=== Dataset content ===
= = = =

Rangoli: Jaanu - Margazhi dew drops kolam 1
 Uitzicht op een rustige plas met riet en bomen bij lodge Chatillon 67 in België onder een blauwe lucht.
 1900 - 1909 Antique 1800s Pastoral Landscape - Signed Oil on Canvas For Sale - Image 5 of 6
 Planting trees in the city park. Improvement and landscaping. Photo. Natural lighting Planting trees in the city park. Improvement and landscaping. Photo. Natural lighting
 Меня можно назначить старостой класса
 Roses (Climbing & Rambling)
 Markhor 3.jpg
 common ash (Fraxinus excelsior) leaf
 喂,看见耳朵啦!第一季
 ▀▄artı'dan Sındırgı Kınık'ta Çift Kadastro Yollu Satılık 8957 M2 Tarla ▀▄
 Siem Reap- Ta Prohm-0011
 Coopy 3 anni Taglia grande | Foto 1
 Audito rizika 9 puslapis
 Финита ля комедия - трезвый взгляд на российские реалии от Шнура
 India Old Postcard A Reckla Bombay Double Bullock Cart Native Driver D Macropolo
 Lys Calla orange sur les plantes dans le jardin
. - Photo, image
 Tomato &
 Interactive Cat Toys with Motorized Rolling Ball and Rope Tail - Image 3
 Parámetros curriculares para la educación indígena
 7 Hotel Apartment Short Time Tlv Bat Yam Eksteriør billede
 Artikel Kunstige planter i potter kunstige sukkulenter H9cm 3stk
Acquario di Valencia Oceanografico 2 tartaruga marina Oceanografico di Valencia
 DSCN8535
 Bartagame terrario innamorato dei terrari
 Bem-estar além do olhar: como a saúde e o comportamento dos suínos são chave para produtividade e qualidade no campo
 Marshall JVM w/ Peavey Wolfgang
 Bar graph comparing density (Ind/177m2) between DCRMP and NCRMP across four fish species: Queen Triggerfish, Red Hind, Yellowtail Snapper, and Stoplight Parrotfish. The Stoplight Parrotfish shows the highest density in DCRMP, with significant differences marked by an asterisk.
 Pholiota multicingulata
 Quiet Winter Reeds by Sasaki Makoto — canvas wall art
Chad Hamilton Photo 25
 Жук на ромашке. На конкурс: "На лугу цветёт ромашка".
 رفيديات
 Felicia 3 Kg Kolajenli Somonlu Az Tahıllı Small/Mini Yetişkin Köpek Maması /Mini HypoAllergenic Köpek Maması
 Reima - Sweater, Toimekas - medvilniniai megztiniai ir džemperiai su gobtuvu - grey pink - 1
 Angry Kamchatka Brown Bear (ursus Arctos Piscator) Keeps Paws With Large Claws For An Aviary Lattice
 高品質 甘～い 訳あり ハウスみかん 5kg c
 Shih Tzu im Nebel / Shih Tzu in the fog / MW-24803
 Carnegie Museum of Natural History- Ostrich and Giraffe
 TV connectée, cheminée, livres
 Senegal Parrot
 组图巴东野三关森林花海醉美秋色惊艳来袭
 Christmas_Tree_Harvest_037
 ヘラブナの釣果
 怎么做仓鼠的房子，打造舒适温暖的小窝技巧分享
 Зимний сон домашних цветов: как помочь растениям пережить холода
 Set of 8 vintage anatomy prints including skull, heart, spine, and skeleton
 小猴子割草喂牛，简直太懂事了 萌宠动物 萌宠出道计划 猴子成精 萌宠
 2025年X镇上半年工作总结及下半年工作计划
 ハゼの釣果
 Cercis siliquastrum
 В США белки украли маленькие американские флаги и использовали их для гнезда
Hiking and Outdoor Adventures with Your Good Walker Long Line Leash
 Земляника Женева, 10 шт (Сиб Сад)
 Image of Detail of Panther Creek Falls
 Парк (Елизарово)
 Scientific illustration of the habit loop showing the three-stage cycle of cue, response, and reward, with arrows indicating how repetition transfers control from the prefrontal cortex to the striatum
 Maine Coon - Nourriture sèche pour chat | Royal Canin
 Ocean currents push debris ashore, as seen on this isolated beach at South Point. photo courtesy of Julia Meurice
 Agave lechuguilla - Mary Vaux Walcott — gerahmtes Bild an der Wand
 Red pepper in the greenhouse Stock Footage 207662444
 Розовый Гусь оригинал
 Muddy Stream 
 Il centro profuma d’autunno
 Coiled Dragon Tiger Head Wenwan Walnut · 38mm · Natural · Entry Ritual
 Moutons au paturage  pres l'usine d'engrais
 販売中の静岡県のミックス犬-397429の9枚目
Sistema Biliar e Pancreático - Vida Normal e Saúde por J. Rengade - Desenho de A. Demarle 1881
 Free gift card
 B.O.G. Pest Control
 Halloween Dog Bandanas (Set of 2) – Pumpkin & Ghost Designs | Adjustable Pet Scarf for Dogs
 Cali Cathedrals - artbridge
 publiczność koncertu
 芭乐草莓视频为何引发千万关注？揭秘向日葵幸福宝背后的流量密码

= = = =

=== Prompt ===
From the material above, please return each line containing "para".

=== Task answer ===
 Parámetros curriculares para la educación indígena
 Bem-estar além do olhar: como a saúde e o comportamento dos suínos são chave para produtividade e qualidade no campo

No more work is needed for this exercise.